Today, Wray says, the main challenge that the FBI faces is how the so-called “signature” of would-be extremists has shifted dramatically. Al-Qaeda’s 9/11 plot took years of planning and coordination among a large group spread across multiple continents. Today, many would-be extremists take few observable steps before launching a localized attack. “If you’ve got some guy who is just angry at the world, and he decides he’s not going to attack some spectacular target with an aircraft or an elaborately constructed bomb, he can just go get in his car and drive down a pedestrian walkway or grab a gun that he might own legally and go shoot up a school, a hospital, what have you,” Wray says.
“You have lone actors inspired online, deciding to go from anger to violence in the blink of an eye, using easily accessible but still lethal weapons, and going after basically soft targets instead of hard targets,” Wray says. “The challenge that presents is while it’s great to talk about ‘connecting dots,’ if there are not a lot of dots out there to connect, each dot takes on disproportionate significance.”
Moreover, while white supremacist or anti-government motivations appear to drive many would-be domestic extremists, Wray says it appears many of them simply appear to be aggrieved and want to do violence.
“We have a lot of what we would call inspiration-confusion. We’ve had cases like this where the same guy goes from one month following ISIS ‘Flames of War’ video stuff online and thinking that speaks to him—and then switching gears abruptly the next month and deciding some white supremacist or neo-Nazi things speaks to him,” Wray says. “A lot of these are people who are about the violence first and are looking for an excuse second—as opposed to the traditional terrorist organizations where somebody gets increasingly committed to a cause with a level of zealotry that is striking and then eventually goes from radicalization to mobilization. Here you get somebody who just wants to hurt people and is trying to figure out what the most inspiring excuse is.”
During his first year in office, Wray—who has kept a low profile throughout his nearly three years as FBI director—visited all 56 FBI field offices. During his Oklahoma City visit, he met with the mother and family of Baylee Almon, the one-year-old baby victim cradled by Oklahoma City firefighter Chris Fields in the most iconic image to emerge from the bombing. Baylee’s mother, Aren Almon Kok, now has two other children; Wray recalls how he was taken aback in the meeting when the oldest told Wray that she hoped to be an FBI agent herself someday.
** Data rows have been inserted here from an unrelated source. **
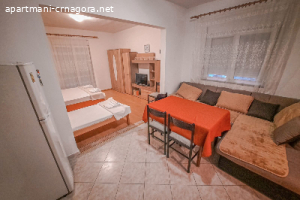 Apartmani Vesna-Kumbor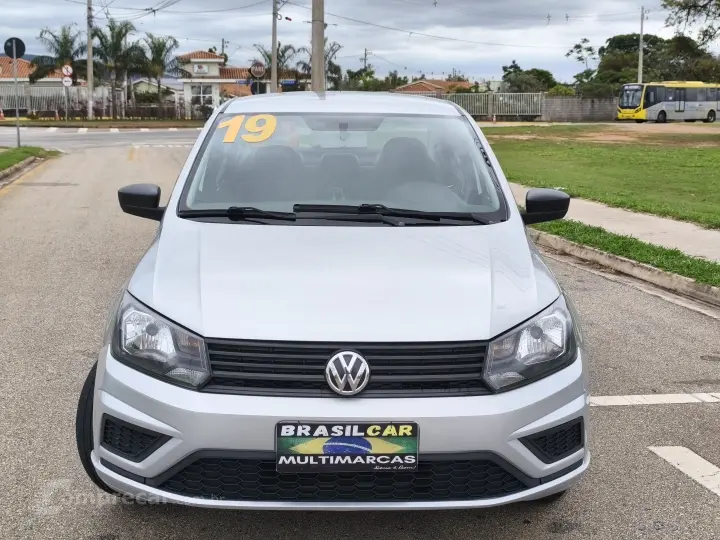 VOYAGE 1.6 MSI TOTALFLEX 4P MANUAL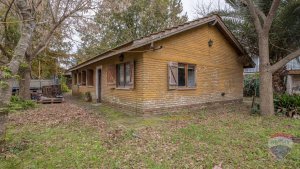 Quinta en venta 2500m2, barrio La Bota, Benavidez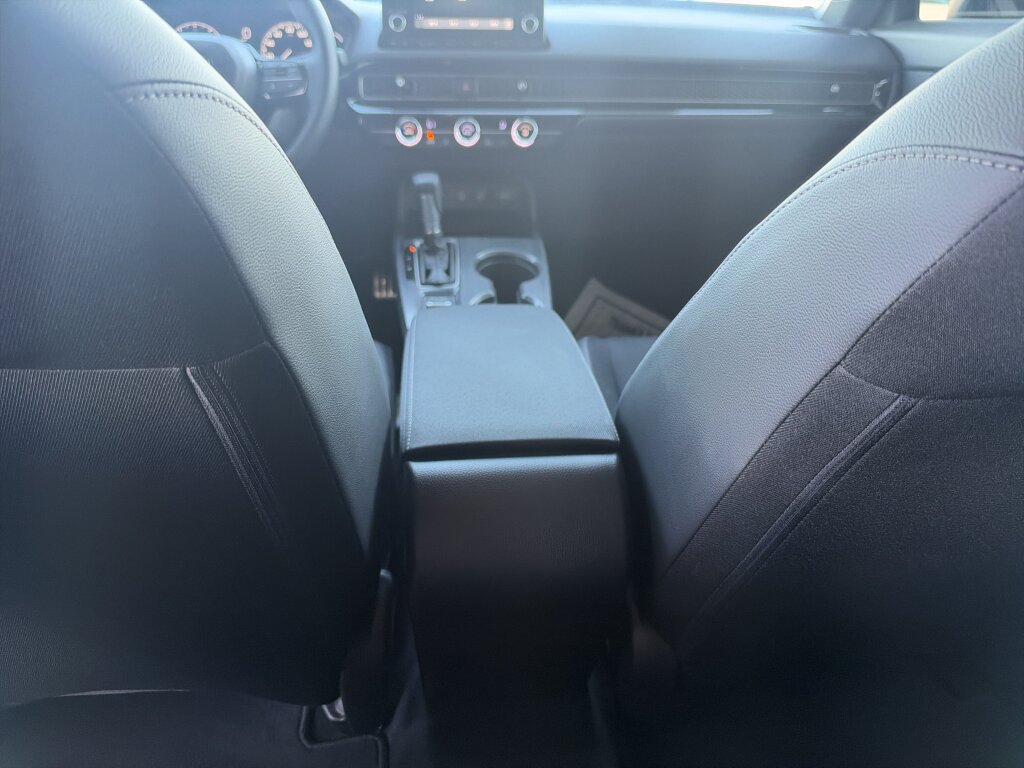 Certified 2026 Honda Civic Sport image 10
Wray has led the bureau through a particularly harsh period of criticism and controversy—some deserved, some not—and he says he often recounts the story of meeting that younger sister in talks to other field offices. “I often invoke that as one of many examples that I say to our folks about what I call ‘the brand that matters the most,’” he says. “There’s somebody who knows the FBI through how we responded to that attack and how we dealt with the victims and their families. She’s registering her opinion of the FBI by trying to figure out how to devote her life to working with us.”
Baylee herself would have turned 26 on Saturday.